I do not really get why this book would tell you to twist a genre. Price even says, “A genre acts as a general model, an uncodified but widely acknowledged structure, with an implied style.” Why do they tell you to twist this model to fit a certain context? I did not really get an answer out of the chapter. Fellow classmate Karissa Kilgore posted a similar confusion in her own blog on these chapters,http://blogs.setonhill.edu/KarissaKilgore/017218.html. It just seems to be a bit of a contradiction when Price says, “the formalist always insists that you should maintain the conventional tone in any genre. But your job is just to figure out what that conventional tone is, then bend it, twist it, and expand it, taking it right up to the limit,” because at the same time in other areas in the book they say to be honest and professional.
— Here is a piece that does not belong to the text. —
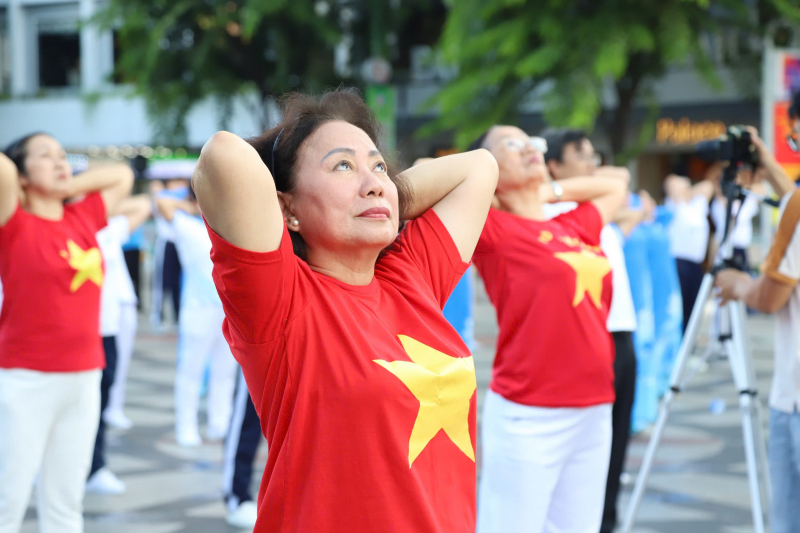 Y tế phải đi trước một bước - đến với người dân khi họ còn khỏe -8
This is why the sections that talk about building a persona and going “gonzo” confuse me. I can understand how building a persona in certain kinds of writing makes sense. You would not write a sports article in the same way you would write and editorial. But then when Price talk about, “go gonzo once in a while,” doesn’t that seem kind of unprofessional? I mean if a normal person decided to change the persona that their job’s organization had specifically told them to stick with, I could see them getting in trouble or even fired.
Perhaps it is just my lack of understanding about this part of writing for the internet. Mikhail Bakhtin has a quote in this book that actually helps express what I feel about genre and how to work with it. He says, “But to use a genre freely and creatively is not the same as to create a genre form the beginning; genres must be fully mastered in order to be manipulated freely.” A full understanding of how and when to change parts of genre would benefit anyone looking to write on the internet.
Links to help you more fully understand the concept of genre
http://www.webwritingthatworks.com/CPATTERNGenres.htm
This is actually Prices chapter skimmed down to the more important tips of genre writing.
http://http://www.fmwriters.com/Visionback/Issue19/themewhywrite.htm
This is a survey of writers asking why they write in certain genres.
Posted by RachelPrichard at October 11, 2006 4:37 PM
Comments
Great entry, Rachel. Price and Price have a lot of specific advice to give about writing online, but I rather like how they step back from making cut-and-dried, hard-line pronouncements about genre in general. Isn't it more fun, and more rewarding, to experiment and come to your own conclusions? This is a great example of that kind of experimentation.